Lately I have been spending my spare time playing Disgaea: Hour of Darkness, an excellent RPG from Nippon Ichi, released here in the states by Atlus. The danger here, for those who were present in Chester during the 2-week Kingdom Hearts debacle, is that Disgaea has character levels up to 9999, and about 600 hours worth of hidden extras and alternate endings, as well as a game+ feature. It's been all I could do to resist skipping work for the past week to stay home and play it. I almost didn't go to Shakespeare but I decided I wouldn't be that guy (even I have limits) and ripped myself away for Saturday.

The coolest thing about disgaea is that you can go to the "Item World" inside every item in the game and level it up. Everything from the smallest potion to the most powerful sword in the game has 100 levels of item world with increasingly difficult enemies to defeat, and each level you defeat adds to the stat of the item.
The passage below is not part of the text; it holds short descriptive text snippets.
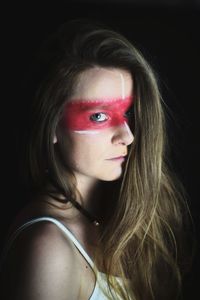 Portrait of beautiful woman against black background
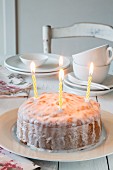 Lemon cake with birthday candles
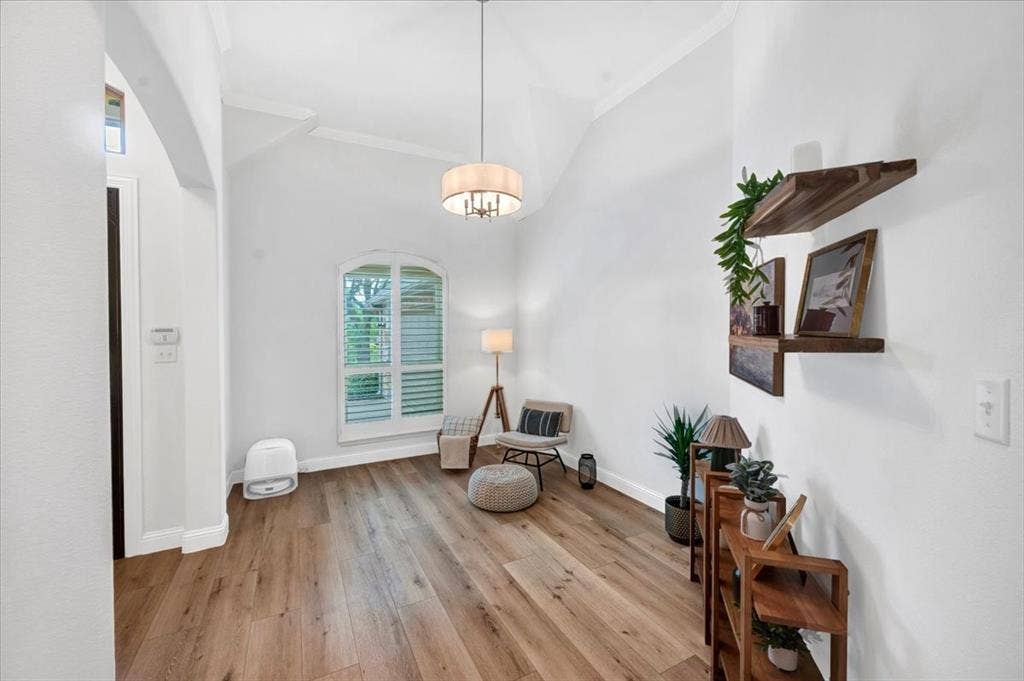 Vaulted ceiling with an arched window, wood-finish flooring, and a contemporary drum pendant light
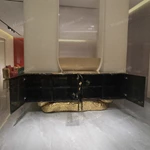 Luxury TV Stand with Bold Stone Top Textured Dark Finish Sculptural Stainless Steel Base and Cabinet Storage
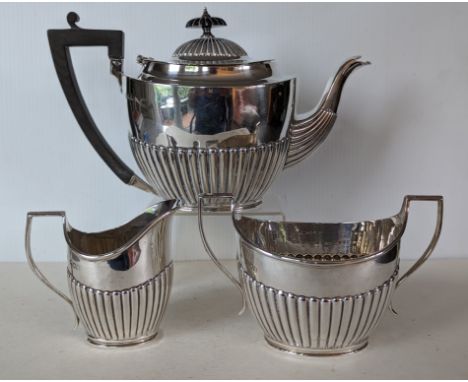 An Edwardian silver three-piece tea service with half fluted embossed design, ebonised knop and handle, hallmarked for Charle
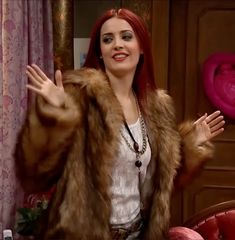 a woman with red hair wearing a fur coat and holding her hands up in the air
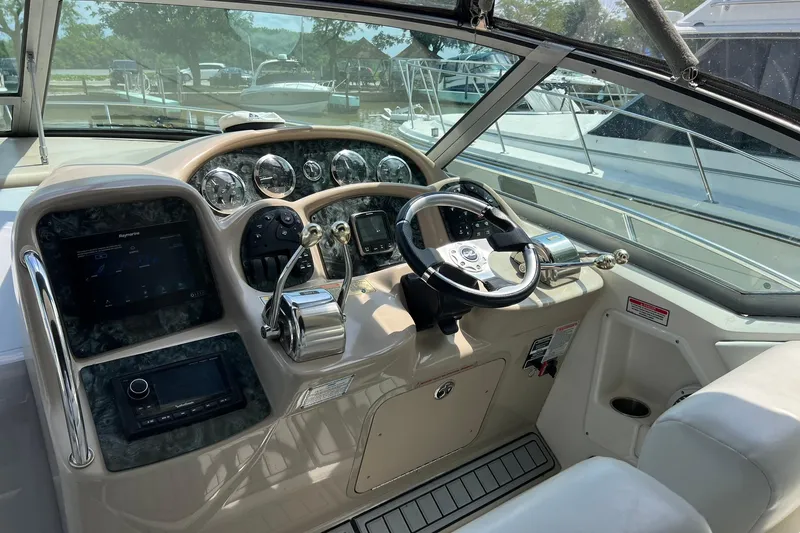 Slide: The Image of Cockpit of 2003 Sea Ray 320 Sundancer with steering wheel and control panel. - 11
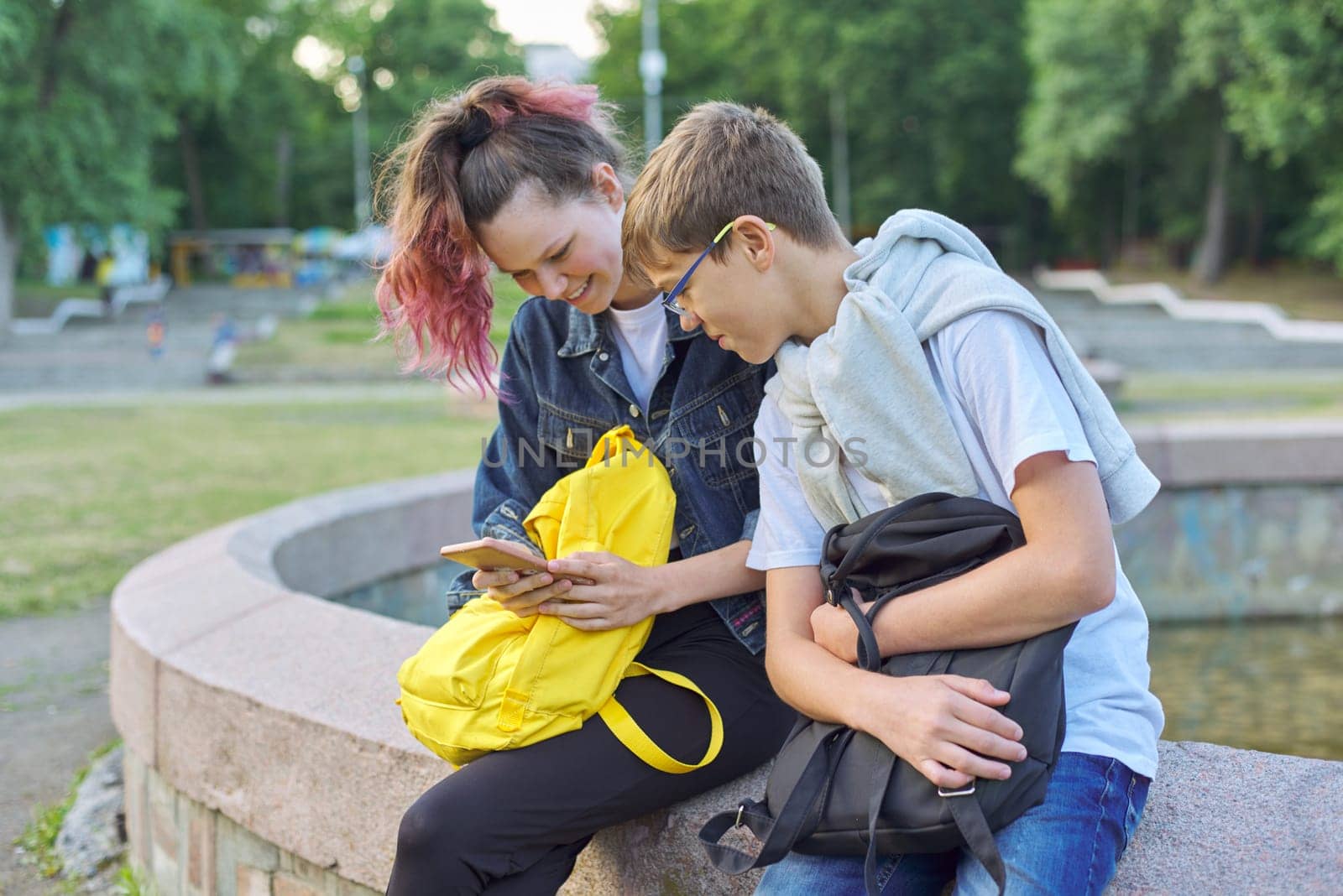 Outdoor portrait of two talking teenagers school students, boy and girl students with smartphone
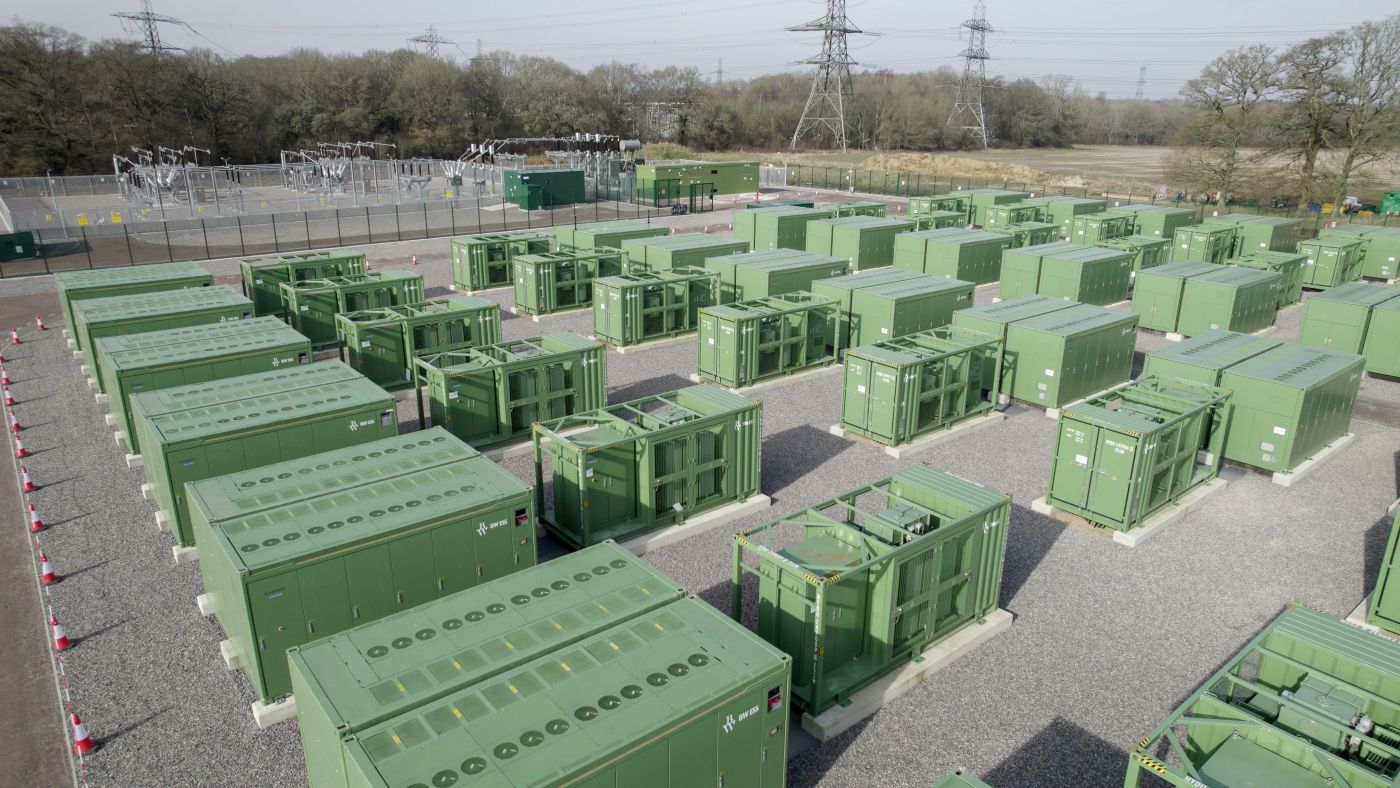 Aerial view of the Bramley BESS facility with green battery containers and a substation.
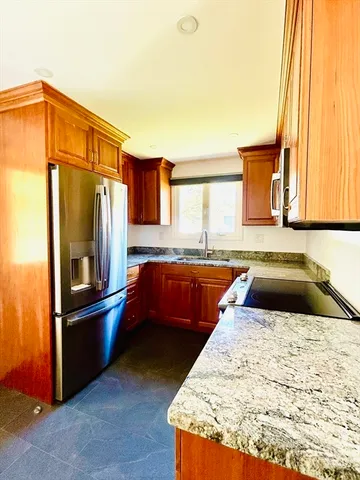a kitchen with stainless steel appliances granite countertop a refrigerator a stove and a sink with wooden cabinets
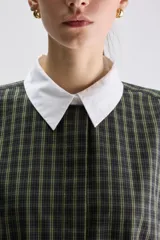 Vestido camisero midi de calce relajado a cuadros en tonos verde y negro, confeccionado en algodón liviano. Presenta cuello clásico en contraste de color blanco, cartera frontal oculta con botones y mangas cortas con vuelta.
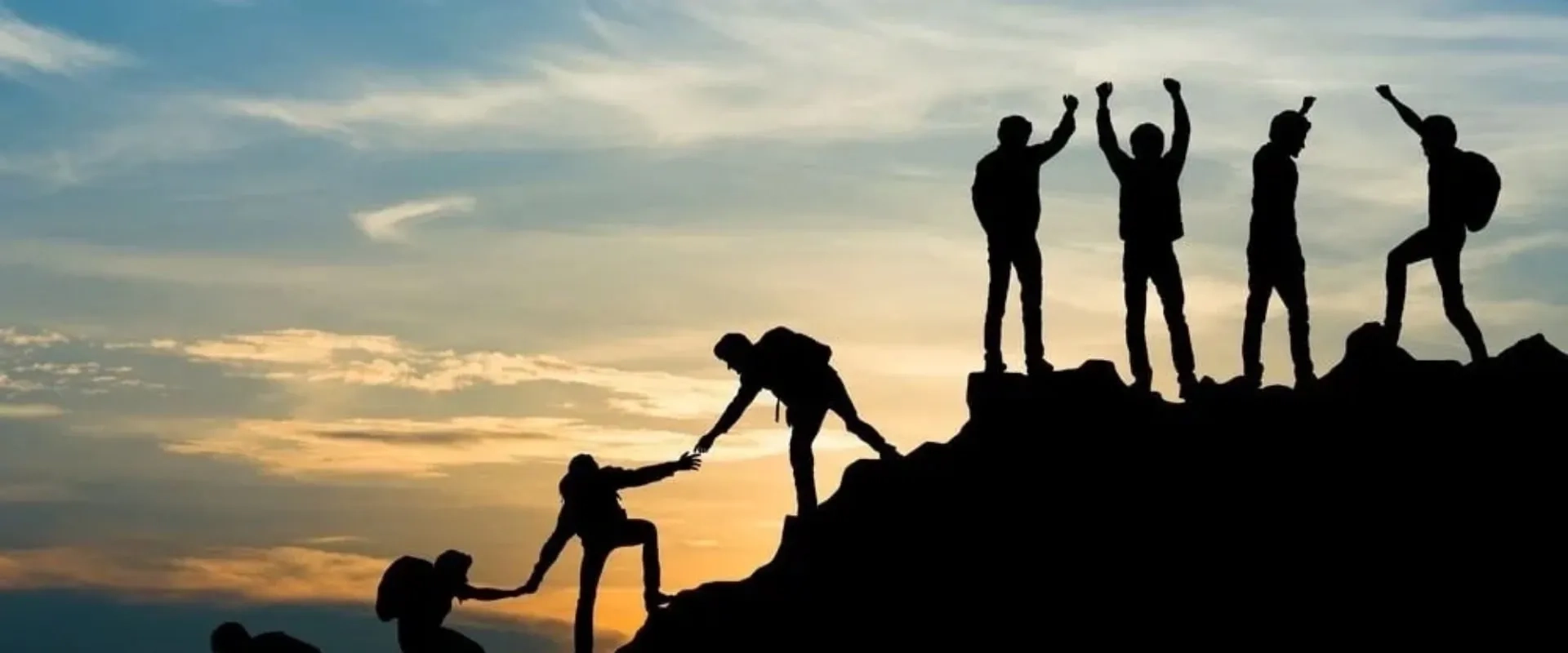 Siluetas de un grupo de personas en la cima de una montaña al atardecer, algunas levantando los brazos en señal de triunfo. 
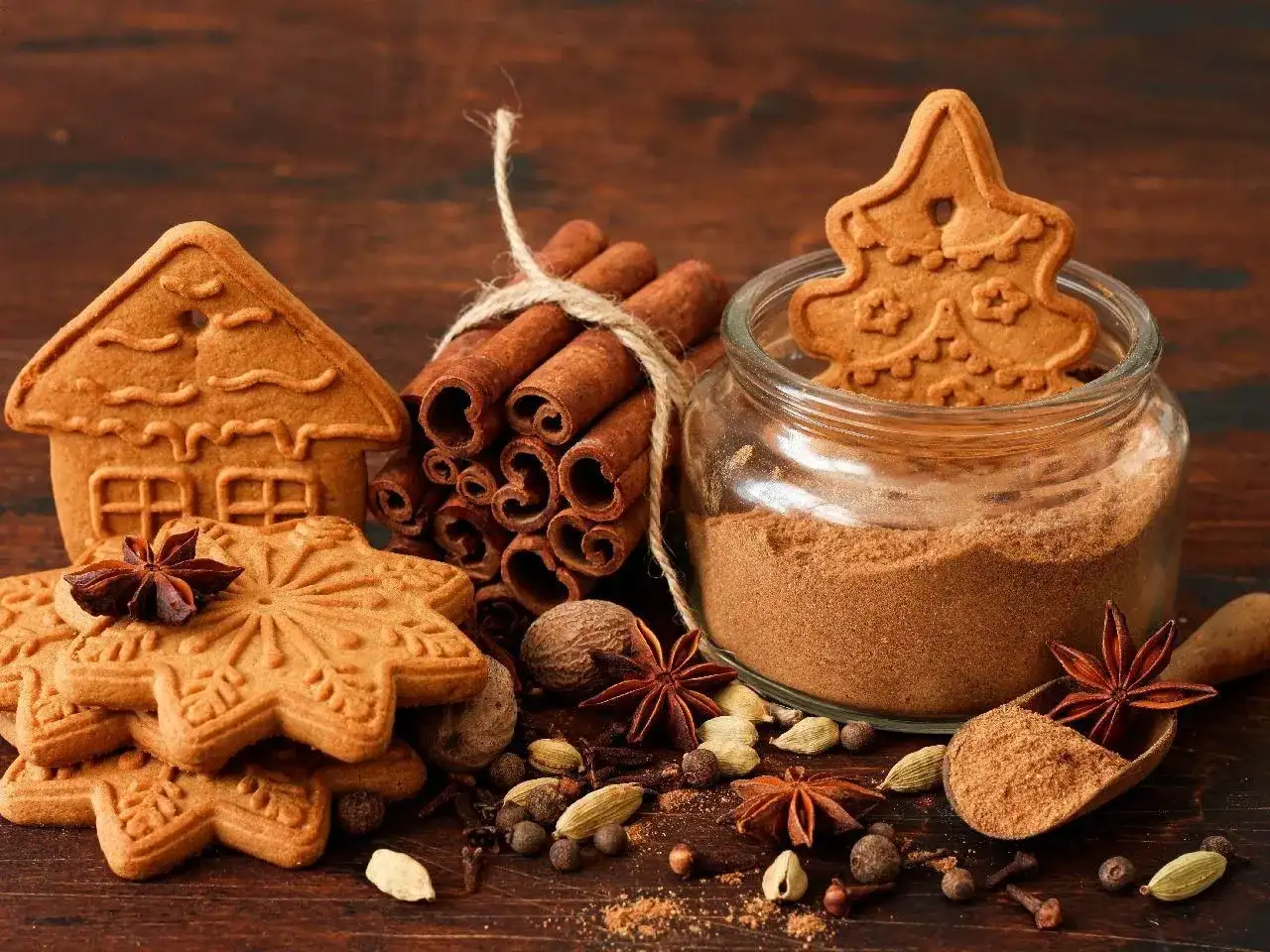 Pierniczki w kształcie domu i gwiazdek, laska cynamonu, słoik z przyprawą i przyprawy korzenne.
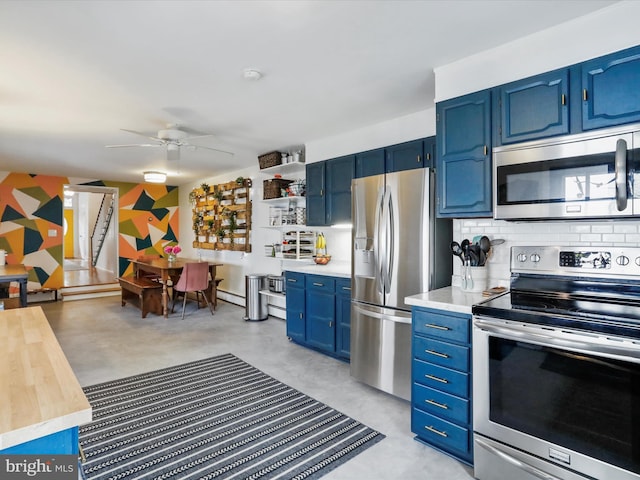 25 E Potomac St, Williamsport, MD 21795 - kitchen with stainless steel appliances, blue cabinetry, light countertops, a ceiling fan, and backsplash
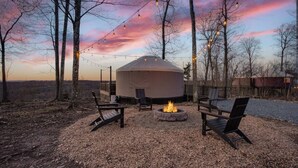 A yurt with a fire pit and seating, surrounded by trees and string lights. - Adventure Abode | Modern Yurt w/ Hot Tub, Bubble Dome + ADA Access (Reynoldsville)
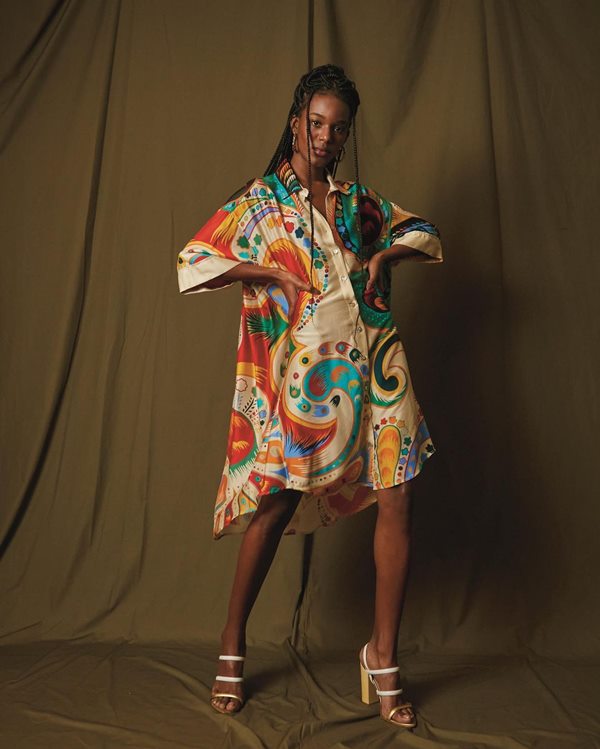 Na imagem com cor, uma mulher negra de cabelos pretos presos usando um vestido estampado colorido - Metrópoles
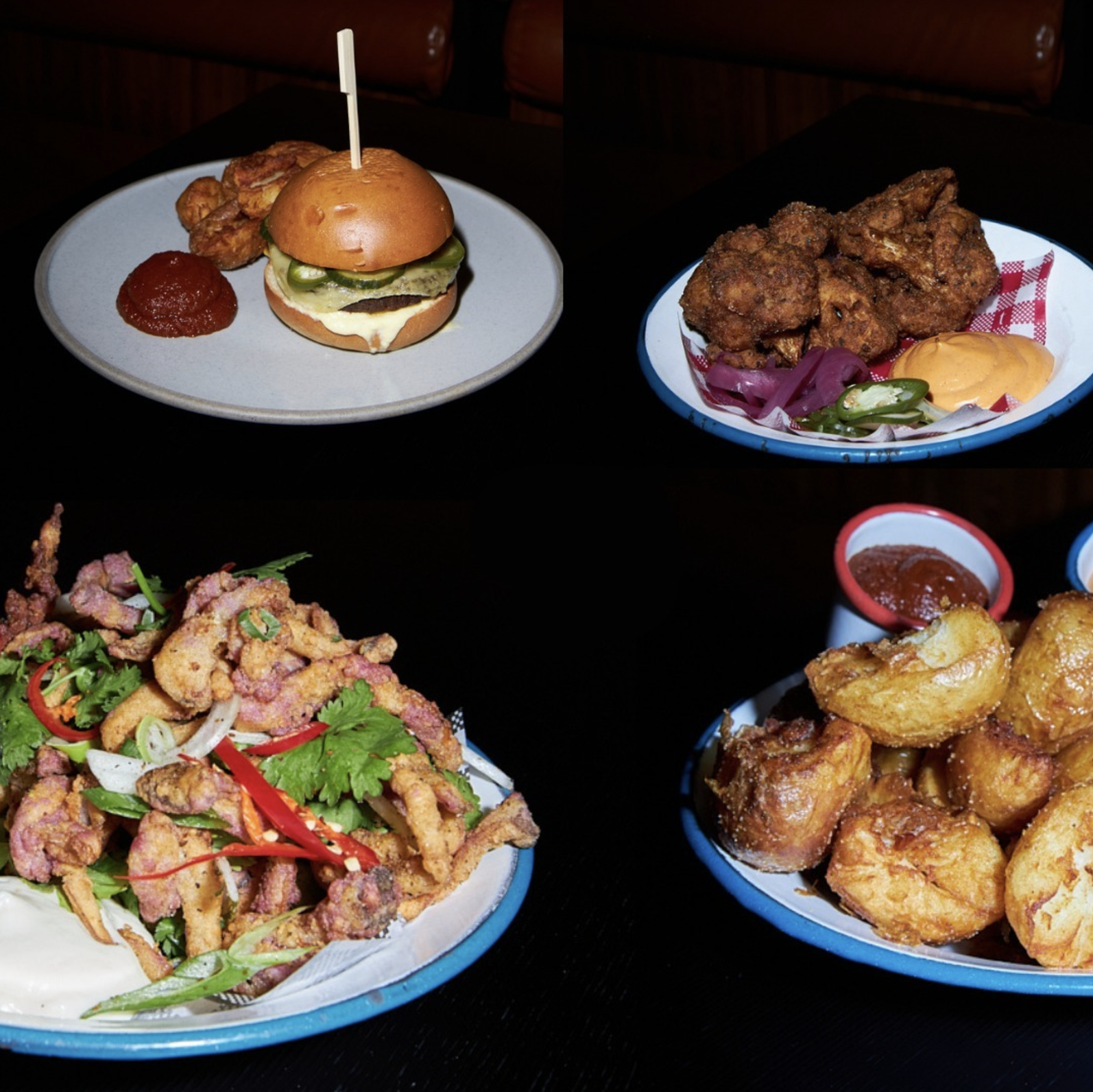  A spread of delicious vegan pub food including calamari, a cheese burger, and more.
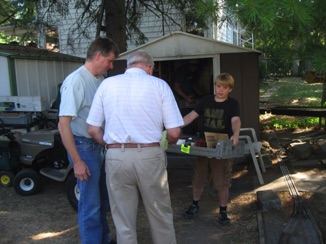 July 21.  Saturday morning, and it’s time to set out the narrow gauge cars.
So if you take a really weak sword and level it to 100, it becomes a lot more powerful than most of the weapons in the game. If you manage to do it to one of the good weapons you become godlike.

Also there is a Dark Assembly, a kind of Congress of evil monsters, who you can petition to make the game harder, open up secret areas, etc. But unlike the real world, if they refuse you can beat them into submission and force them to pass your resolution!

Suffice it to say, it's a lot of fun. Now, back to work.

Deuce, have you had a chance to try this one out? It's so good it's like chocolate-dipped chocolate with chocolate jimmies and hot fudge to Lee or Bent.